═══ Data shown ═══
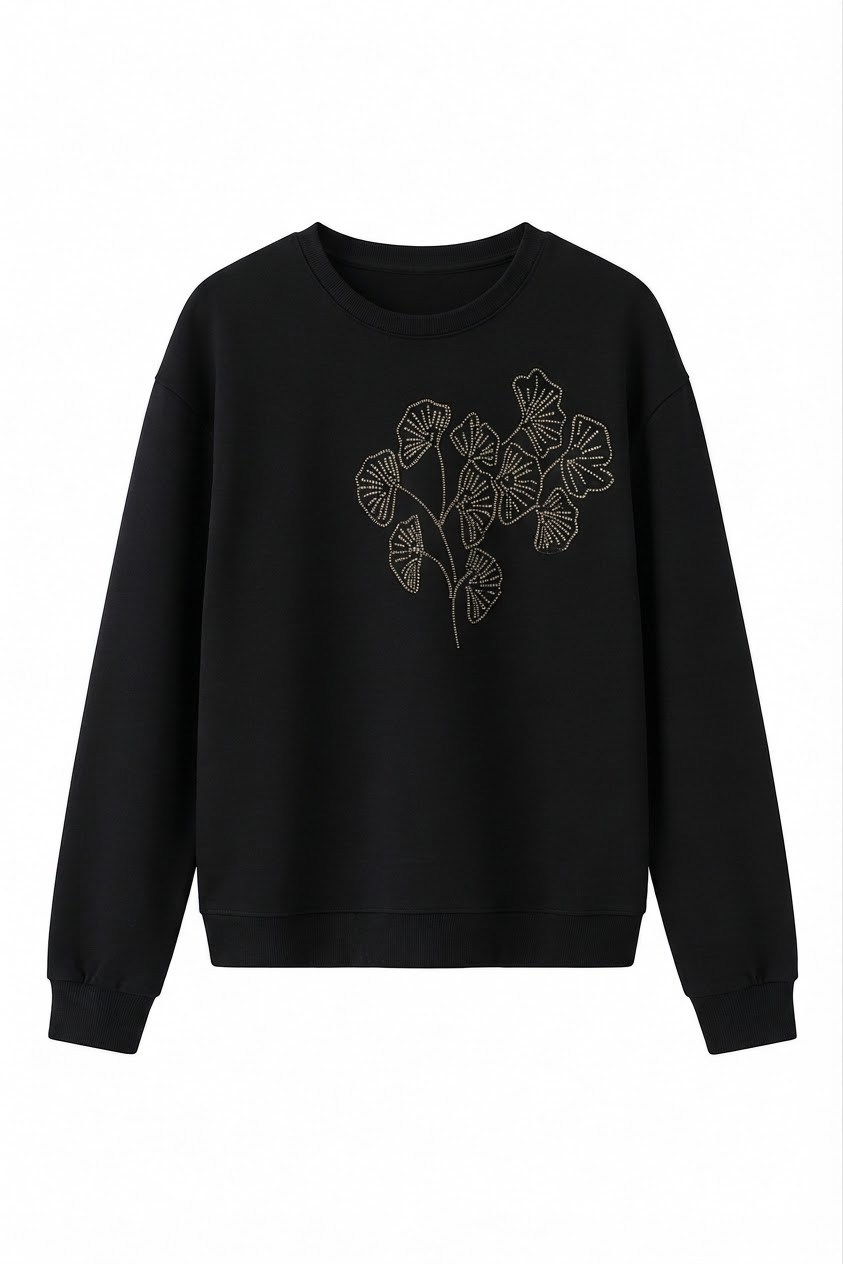 SİYAH TAŞ İŞLEMELİ SWEAT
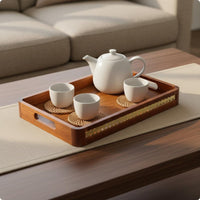 Wooden Tray with Handles Rounded Corners Household Item Easy to Carry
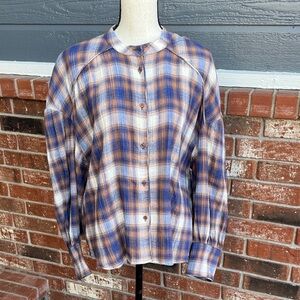 Gianni Bini Blue Tan Plaid Button Down Blouse Size XL Cotton Raglan Long Sleeve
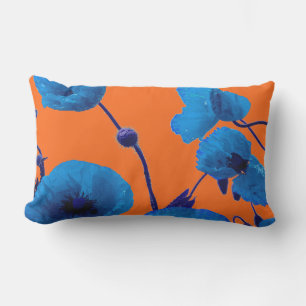 Blauwe Floral Waterverf Poppy Flowers Summer Sunse Buitenkussen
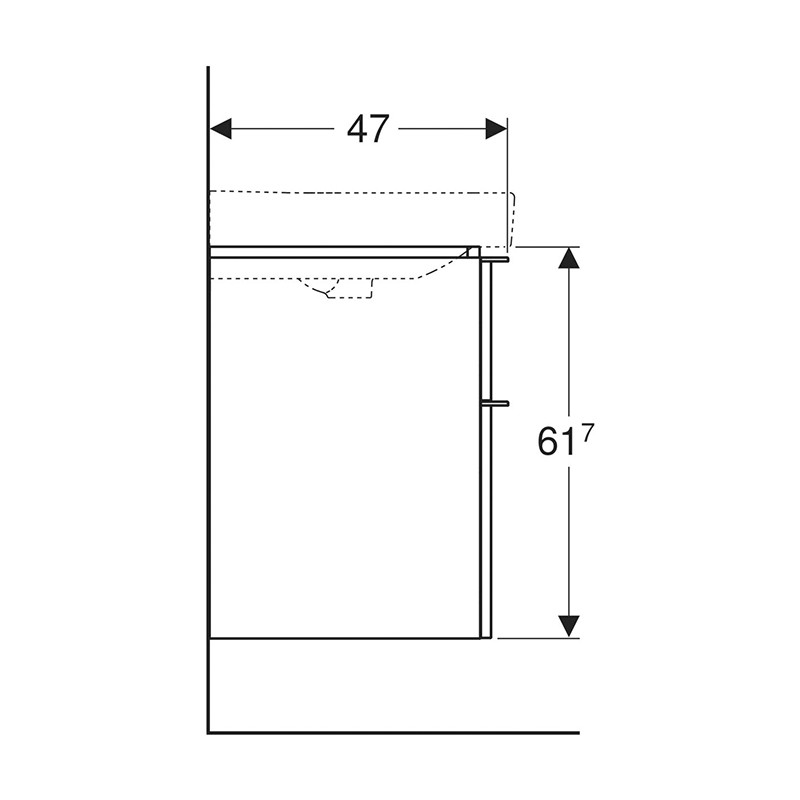 Mobilier pentru lavoar, Geberit, Smyle Square, 60 cm, lava mat - 3 | YEO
═══
» **Brief**:
Copy the entries exactly. No pictures.

» **Solution**:
 SİYAH TAŞ İŞLEMELİ SWEAT
 Wooden Tray with Handles Rounded Corners Household Item Easy to Carry
 Gianni Bini Blue Tan Plaid Button Down Blouse Size XL Cotton Raglan Long Sleeve
 Blauwe Floral Waterverf Poppy Flowers Summer Sunse Buitenkussen
 Mobilier pentru lavoar, Geberit, Smyle Square, 60 cm, lava mat - 3 | YEO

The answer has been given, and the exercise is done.